Fibonacci Equation for Zth (Nth) Term Using Pascal's Triangle (Part 2 of 2)

If you're not familiar with Pascal's Triangle, see part 1.

Finding a Formula

Pascal's Triangle
How do we leverage the relationship (in the image above) to obtain an equation that obtains the \(z\)th term (\(Fib(z)\), or \(F(z)\)) in the Fibonacci sequence? First, we need to figure out what our equation may look like. We know we're adding up terms of the Fibonacci sequence, so a summation symbol will be used. Additionally, we are adding up terms from Pascal's triangle, where each term individually can be written as \(_nC_r\).

So our final equation will look akin to this:

\[\sum_{\varphi=1}^{z_{end}}{_n}C_k\]

But this is not exactly right, since \(n\) and \(k\) are different for each \(\varphi\)th term that's being added up (dependent on the summation index).
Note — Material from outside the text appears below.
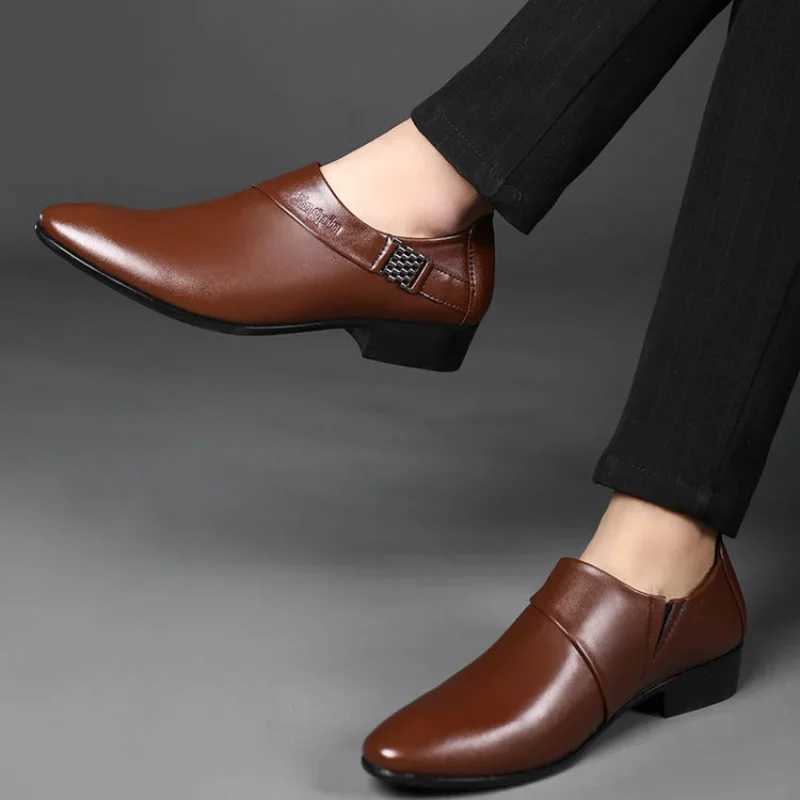 Leather casual mens social shoes official dress shoes mens business gentlemen 2024 style cheap cleaning low-priced set officeXJ250319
Therefore, we can more accurately write:

\[Fib(z) = f(z) =\ \sum_{\varphi=1}^{z_{end}}{_{n(\varphi)}}C_{k(\varphi)}\]

Note that the summation index, \(\varphi\) is starting from \(1\). Also, I'm starting Pascal's triangle from a row of 1. So since \(z\) starts at 1, \(z_1 = 1\), \(z_2 = 1\), and \(z_3 = 2\).
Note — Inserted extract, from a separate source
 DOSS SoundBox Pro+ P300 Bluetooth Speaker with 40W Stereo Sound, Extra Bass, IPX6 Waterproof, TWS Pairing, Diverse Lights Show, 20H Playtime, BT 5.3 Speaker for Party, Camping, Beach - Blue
I started by reorganizing all the \(_nC_r\) terms from the triangle above into rows. I tried to color the table similarly to the triangle.

Pascal's Triange Reordered

One of the first and more obvious patterns is found in the \(z_{end}\) column. Rather than increasing by an increment of \(1\) for every row as the \(z\) colum does, it increases by an increment of \(1\) for every other row.
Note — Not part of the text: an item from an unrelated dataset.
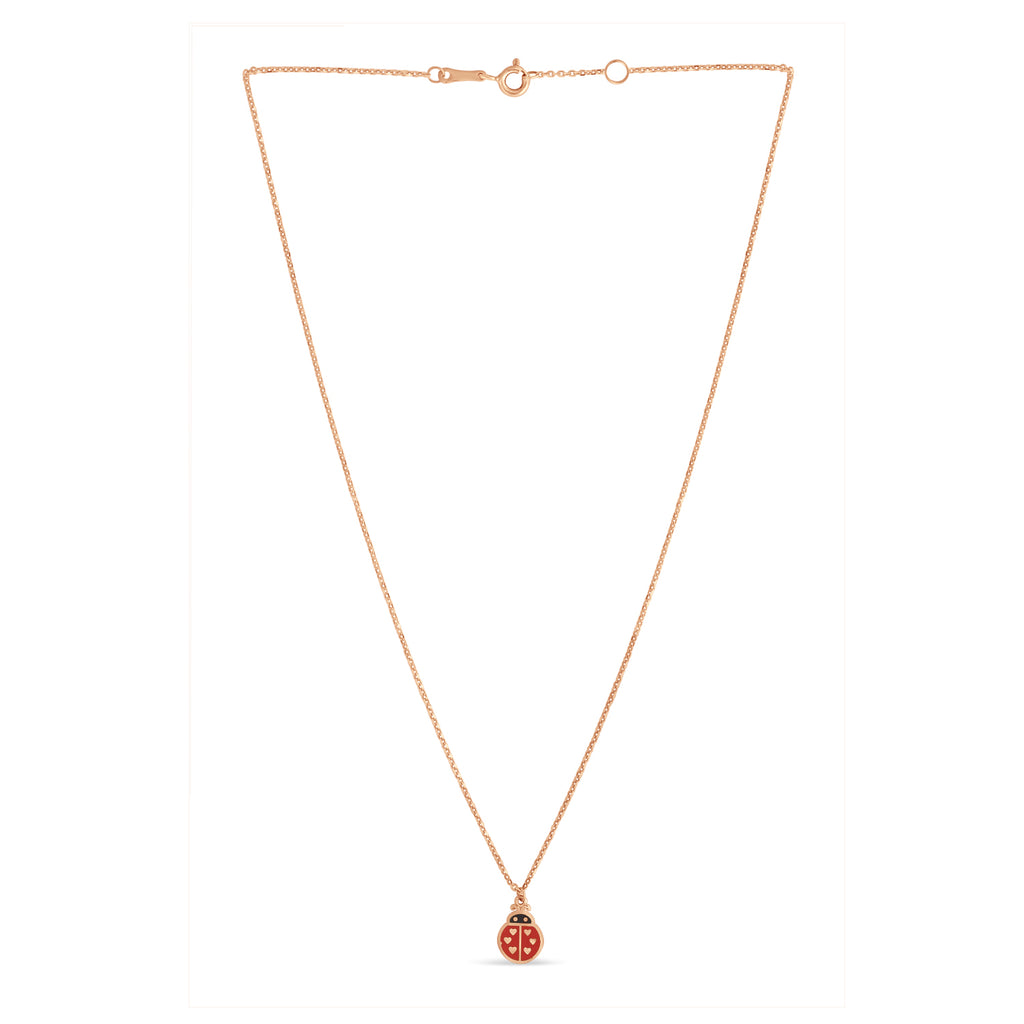 Ladybug Enamel Pendant Necklace 14k Rose Gold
This is an important pattern because it determines the number of terms being summed.

\[z_{end} = round(\frac{z}{2})\]

Now, we know we can better describe what the summation might look like

\[Fib(z) = f(z) =\sum_{\varphi=1}^{round(\frac{z}{2})}{_{n(\varphi)}}C_{k(\varphi)}\]

So to find the \(4\)th term in the Fibonacci Sequence, or \(z = 4\), we know \(z_{end} = 2\). We're summing \(2\) terms.

\[Fib(4) =\sum_{\varphi=1}^{2}{_{n(\varphi)}}C_{k(\varphi)} =\ _2C_1 +\ _3C_0\]

We only know that \(_2C_1\) and \(_3C_0\) are summed due to the table I wrote above. We don't know why \(n(1) = 2\) or why \(k(2) = 0\) yet.

There are a few other patterns held within the grid. I found it easier to find the pattern by changing which way the terms were summed. As you can see, I rearange the order of the \(_{n(\varphi)}C_{k(\varphi)}\) terms, making the \(\varphi_1, \varphi_2, ...\ \varphi_{th}\) terms somewhat arbitrary (depending on the grid structure rather than concrete values).

Pascal's Triange Reordered

Now, you can see a clearer pattern for the \(k(\varphi)\) more easily, now that they're more aligned. It's value is one less than the current summation index value (the \(\varphi\)th term, up to \(z_{end}\)).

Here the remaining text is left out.